## TASK REQUIREMENTS
Restate, word for word and with no pictures, the stretch of lines in the data below that begins at the line with "STD-840-S8MHL-500 Hochleistungs-Zahnflachriemen Optibelt" and ends at the line with "Kärcher 6.295-842.0 - Detergente", inclusive.

## THE RECORDS
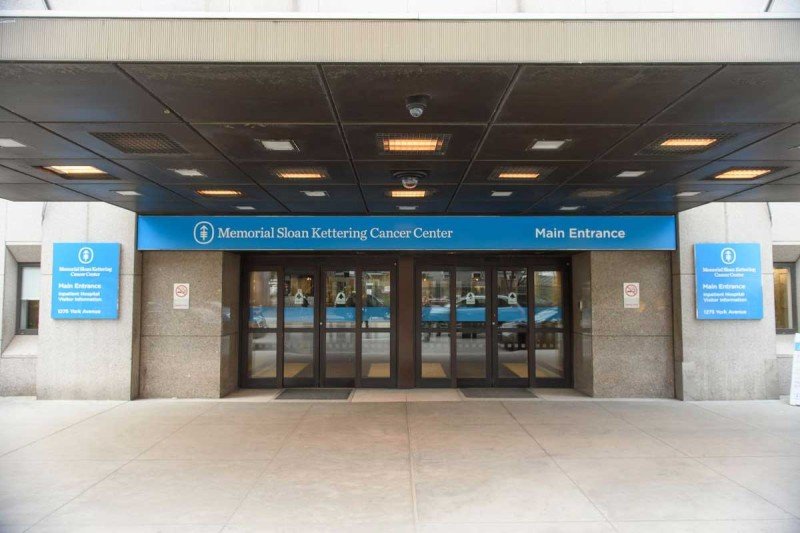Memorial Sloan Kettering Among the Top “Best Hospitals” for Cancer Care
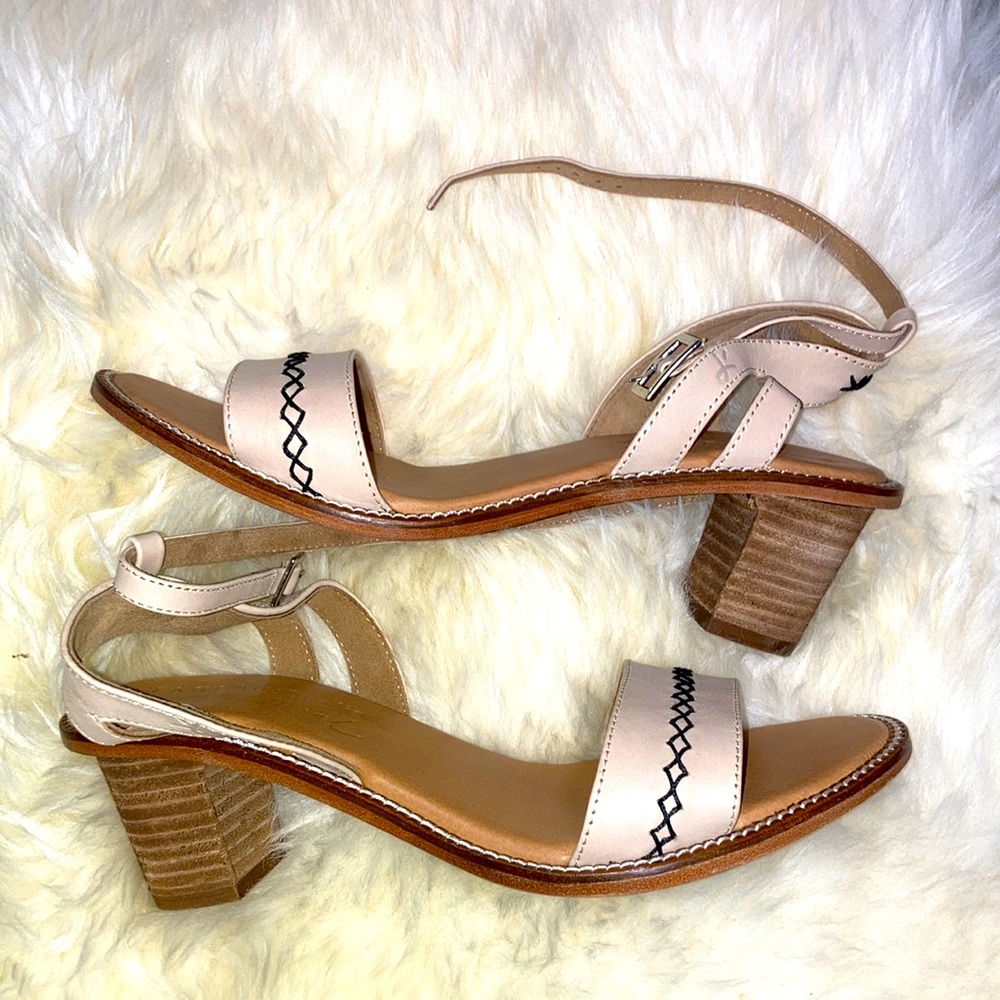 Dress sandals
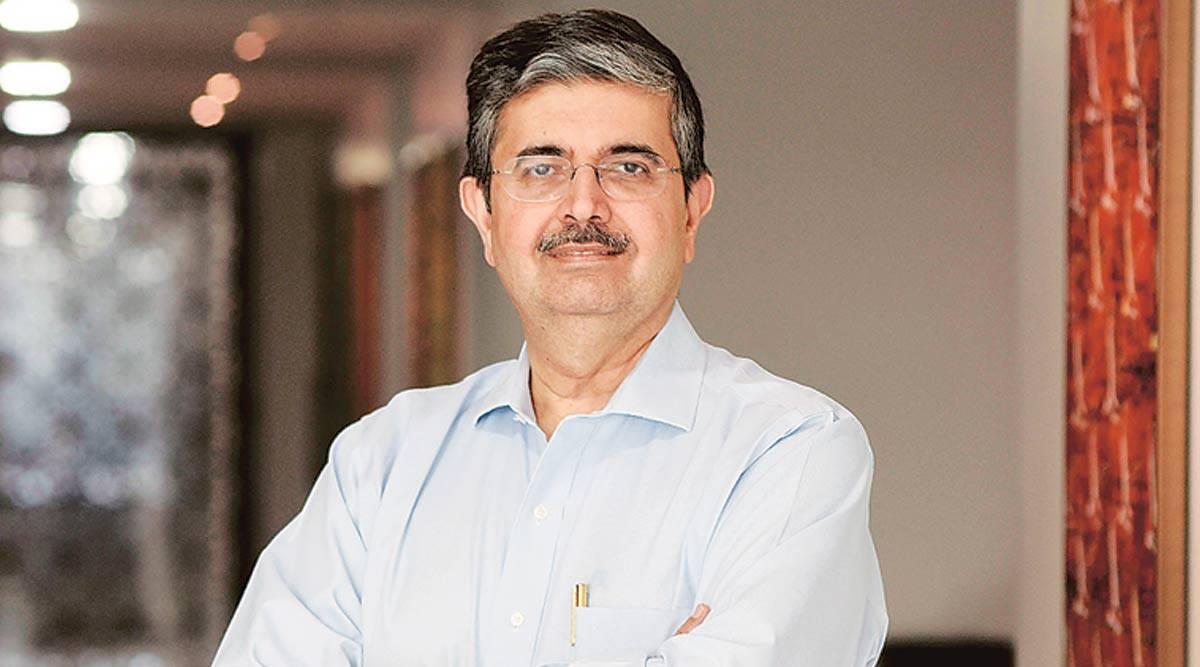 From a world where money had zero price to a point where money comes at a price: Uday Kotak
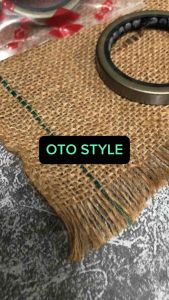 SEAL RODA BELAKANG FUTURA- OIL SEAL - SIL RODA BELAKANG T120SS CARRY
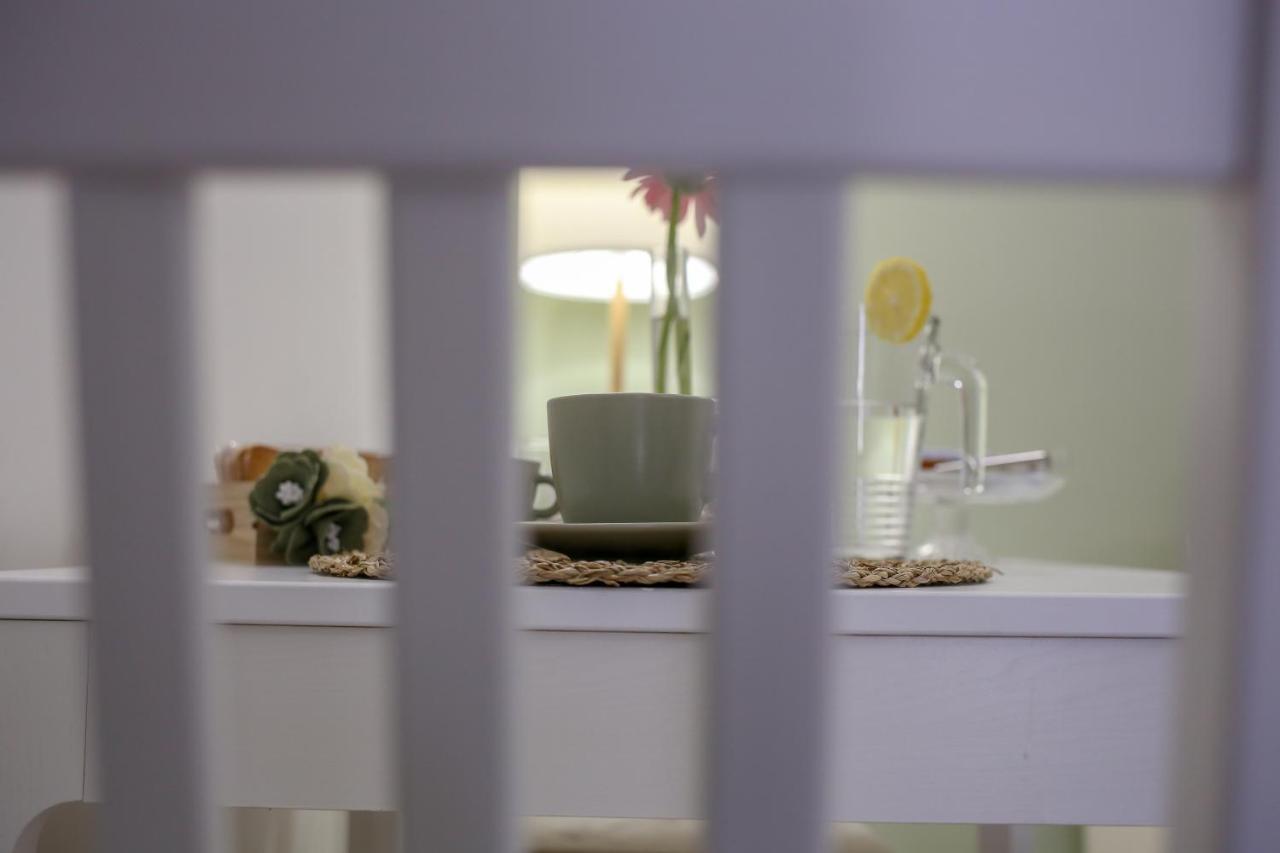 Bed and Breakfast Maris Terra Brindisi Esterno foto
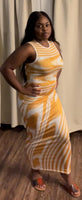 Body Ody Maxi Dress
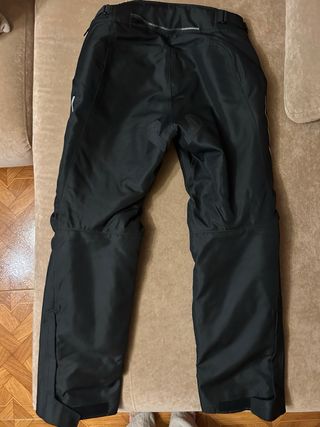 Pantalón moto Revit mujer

...

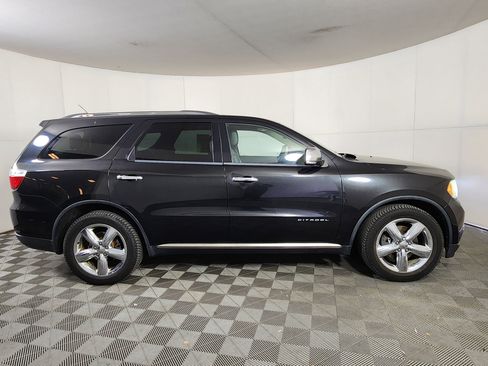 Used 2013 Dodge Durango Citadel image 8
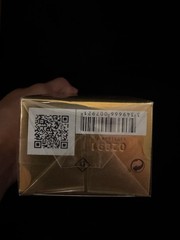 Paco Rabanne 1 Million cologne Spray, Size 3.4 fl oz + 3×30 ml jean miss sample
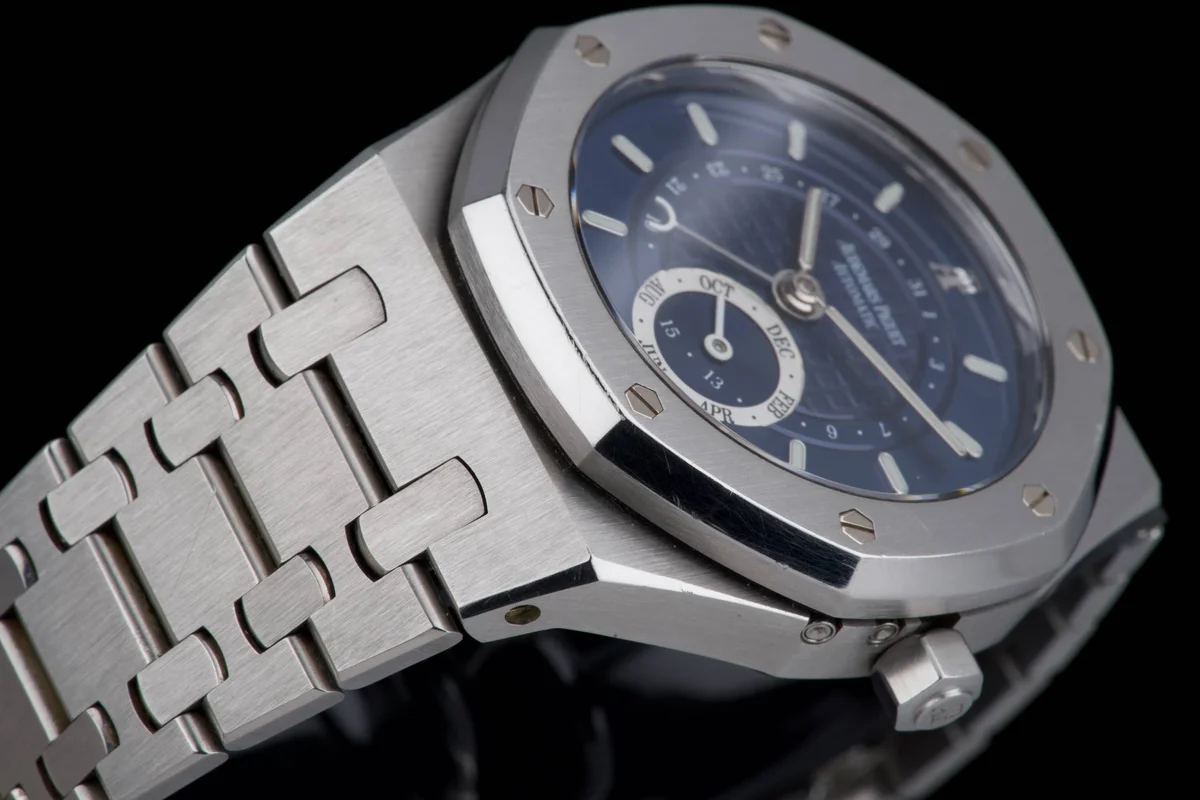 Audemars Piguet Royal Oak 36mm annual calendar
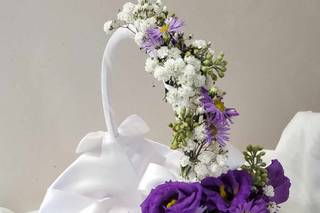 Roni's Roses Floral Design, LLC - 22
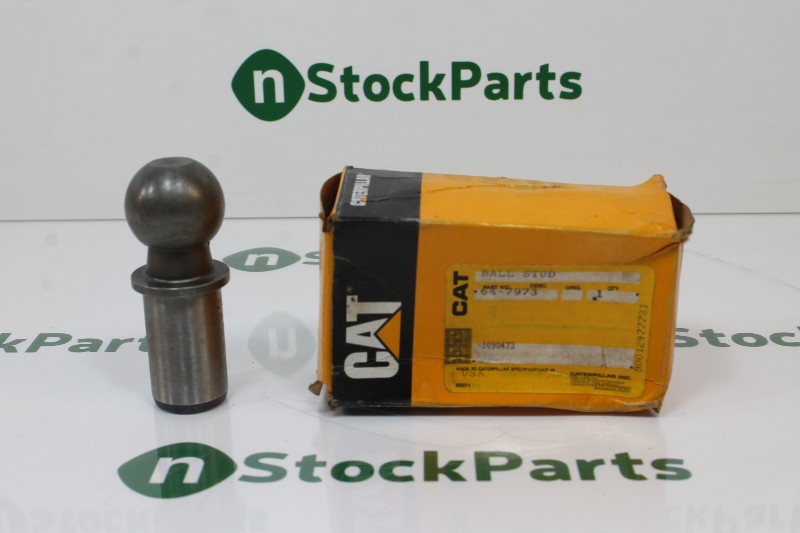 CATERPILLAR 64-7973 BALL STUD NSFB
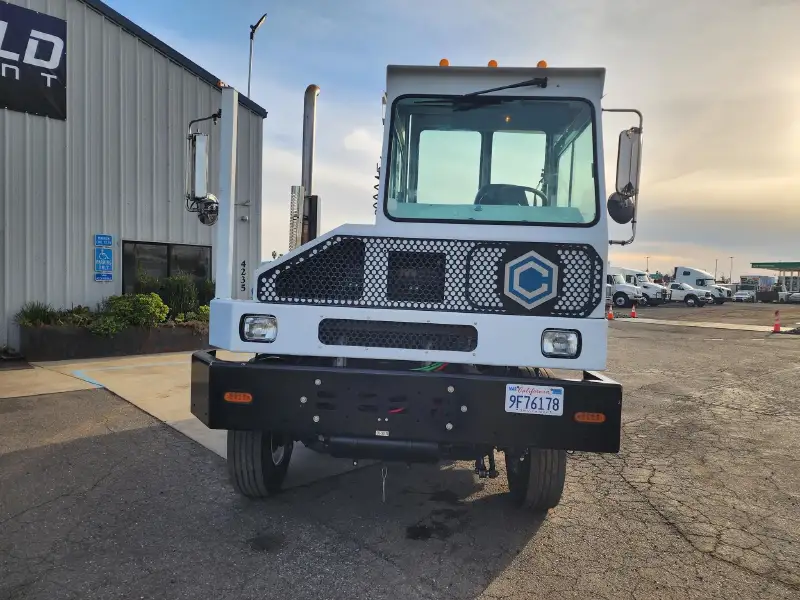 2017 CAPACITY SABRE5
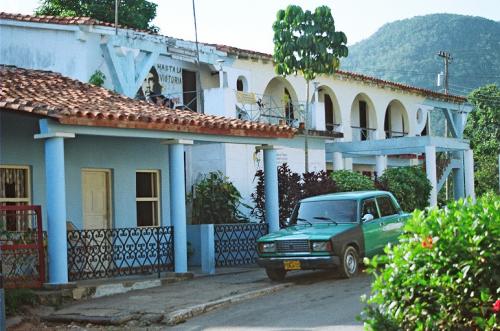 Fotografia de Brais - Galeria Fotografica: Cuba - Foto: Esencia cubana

==

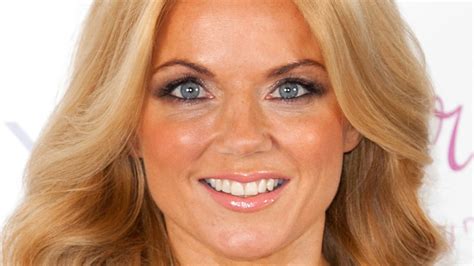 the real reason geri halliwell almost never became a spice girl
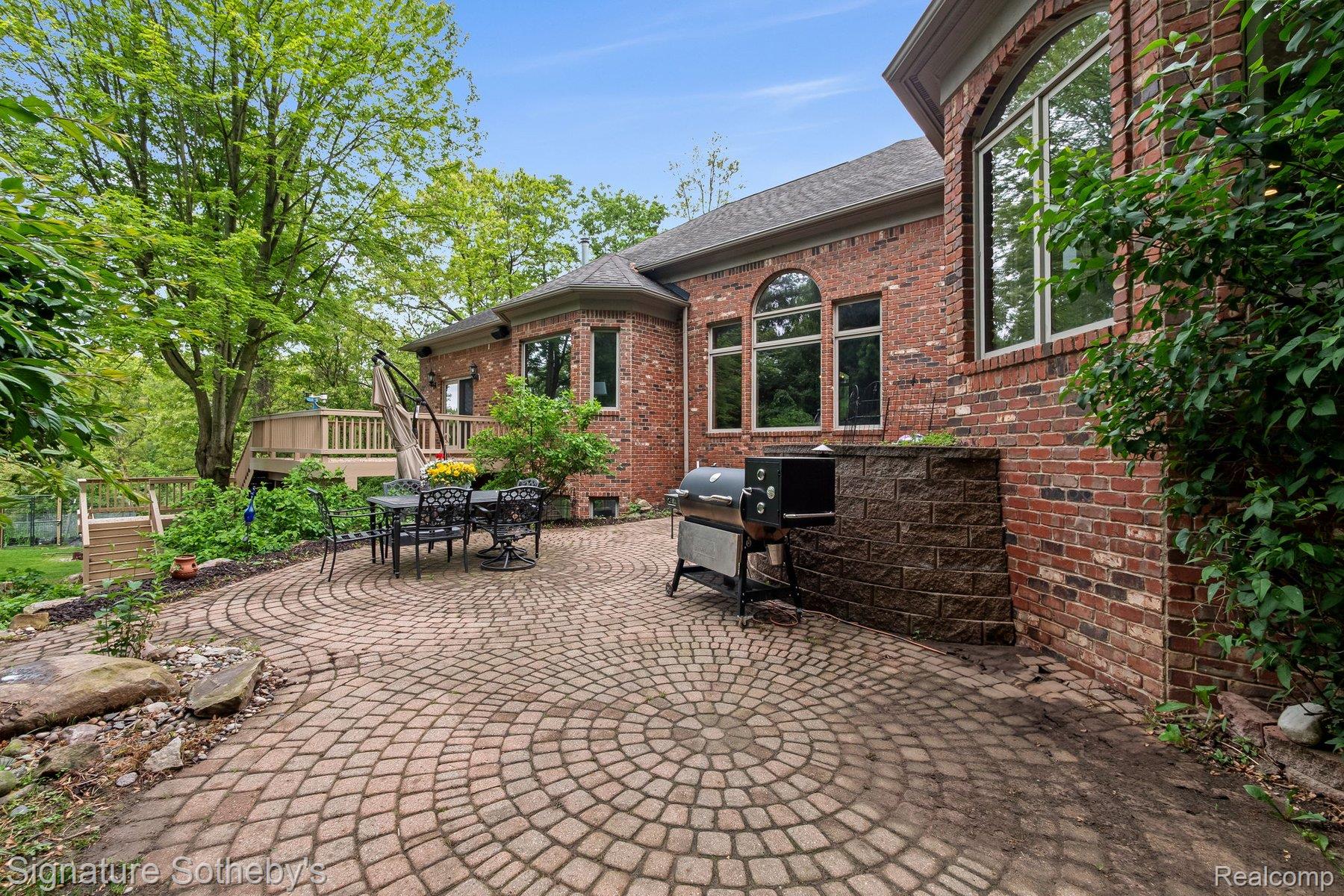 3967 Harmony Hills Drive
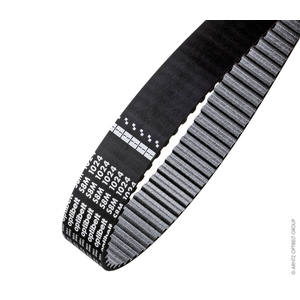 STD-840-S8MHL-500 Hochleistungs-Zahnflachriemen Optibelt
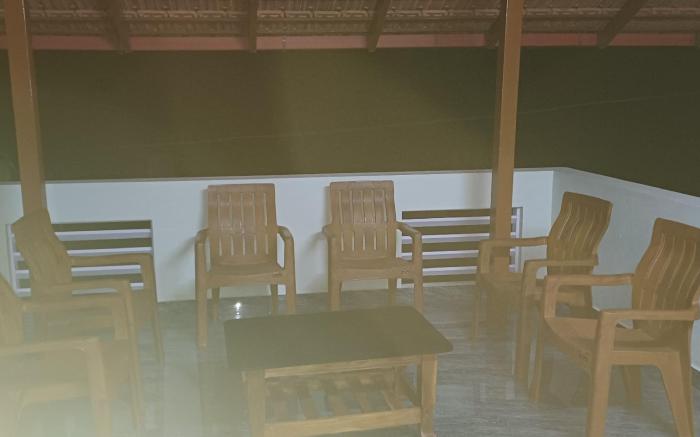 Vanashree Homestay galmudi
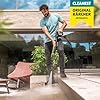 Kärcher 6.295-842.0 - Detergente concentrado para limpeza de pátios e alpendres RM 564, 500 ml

## PROBLEM SOLUTION
 STD-840-S8MHL-500 Hochleistungs-Zahnflachriemen Optibelt
 Vanashree Homestay galmudi
 Kärcher 6.295-842.0 - Detergente concentrado para limpeza de pátios e alpendres RM 564, 500 ml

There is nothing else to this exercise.